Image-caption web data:
-------

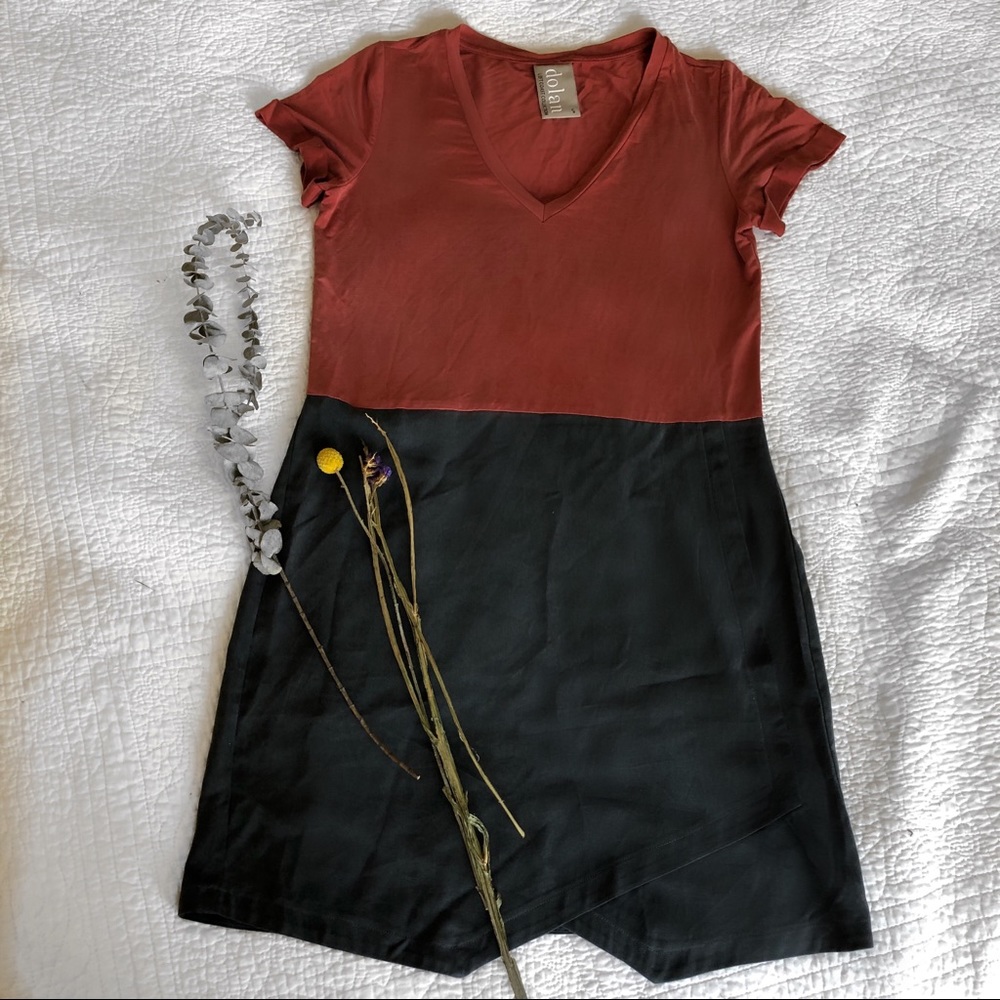 Anthropology Dolan LeftCoast ColorBlock dress Sz S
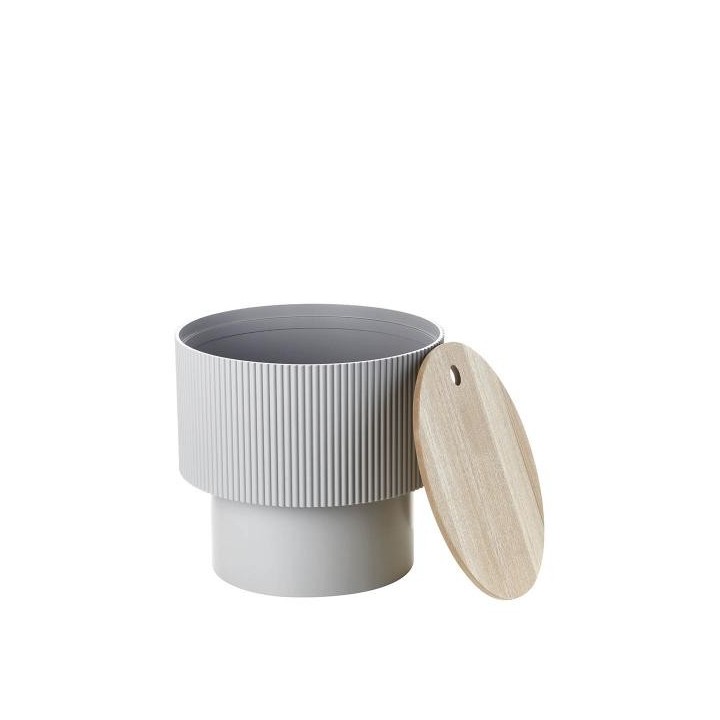 L'Oca Nera Tavolino contenitore grigio Ø 38,5 cm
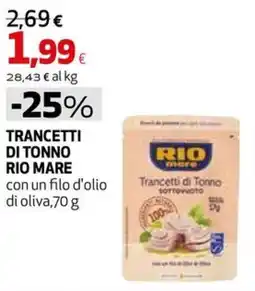 Extracoop Trancetti di Tonno Rio Mare offerta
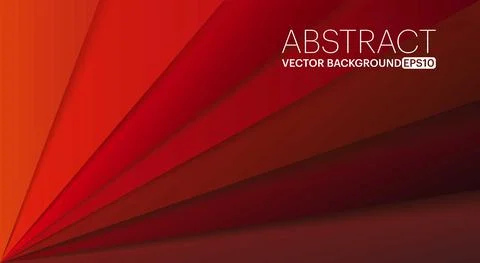 Geometric abstract background with triangles in red and dark colour Stock Illustration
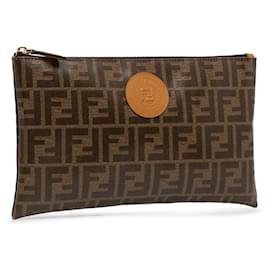 Fendi-Pochette Fendi Marron Zucca-Marron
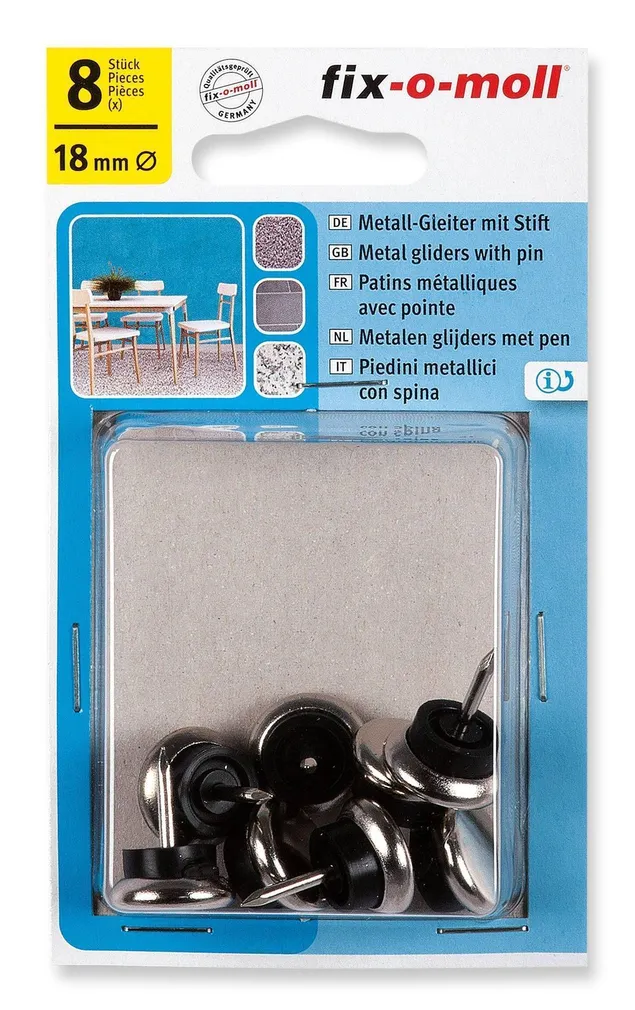 MÖÖBLIKAITSE NAELAGA METALL 8TK 18MM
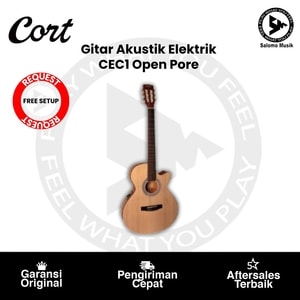 Gitar Akustik Elektrik Cort CEC1 Open Pore Original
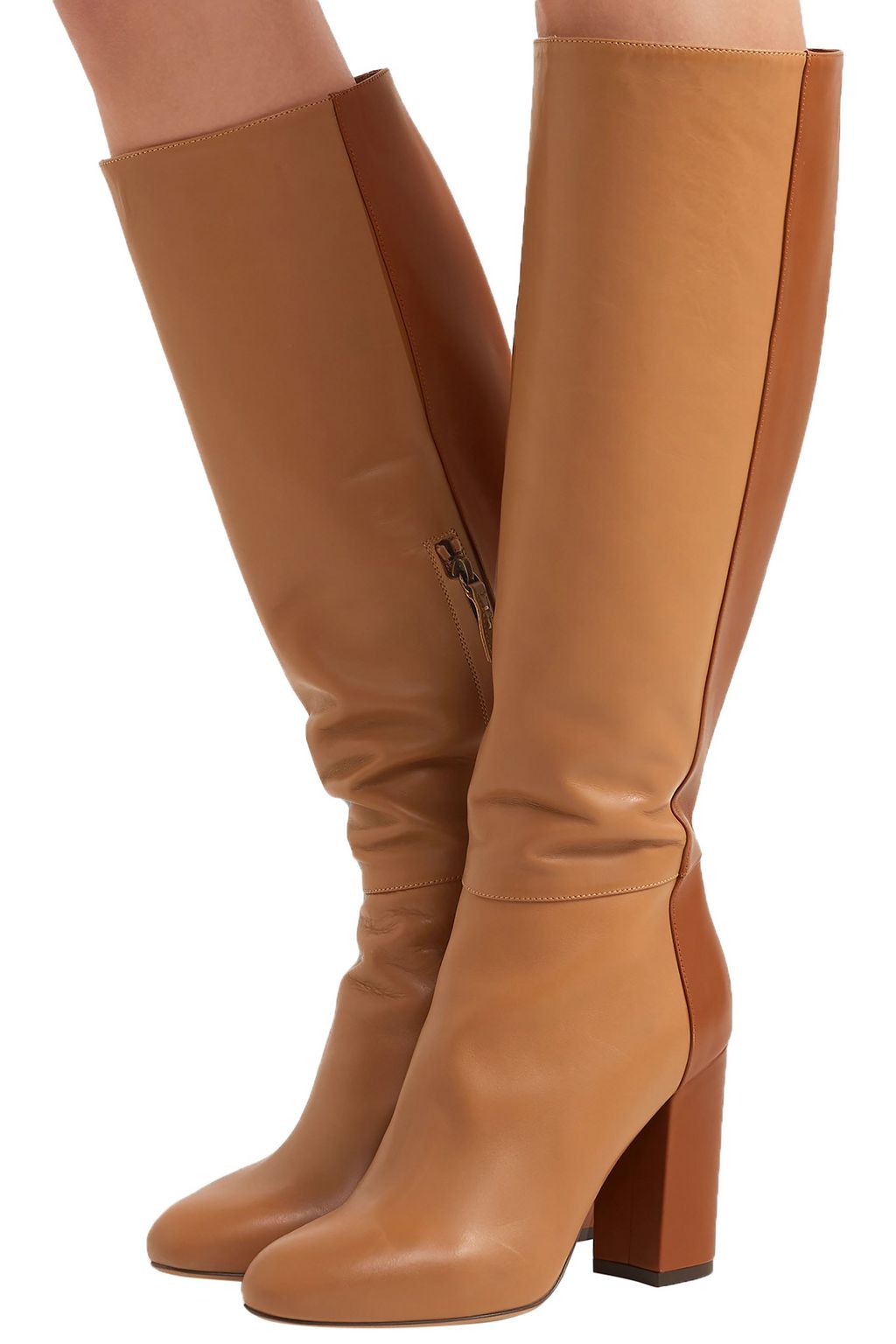 TABITHA SIMMONS Two-tone leather knee boots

-------

### YOUR TASK
The answer consists solely of the lines from the one holding "MÖÖBLIKAITSE NAELAGA METALL 8TK 18MM" through the last line of the entries above, set down verbatim, without any pictures.

### ANSWER BOX
 MÖÖBLIKAITSE NAELAGA METALL 8TK 18MM
 Gitar Akustik Elektrik Cort CEC1 Open Pore Original
 TABITHA SIMMONS Two-tone leather knee boots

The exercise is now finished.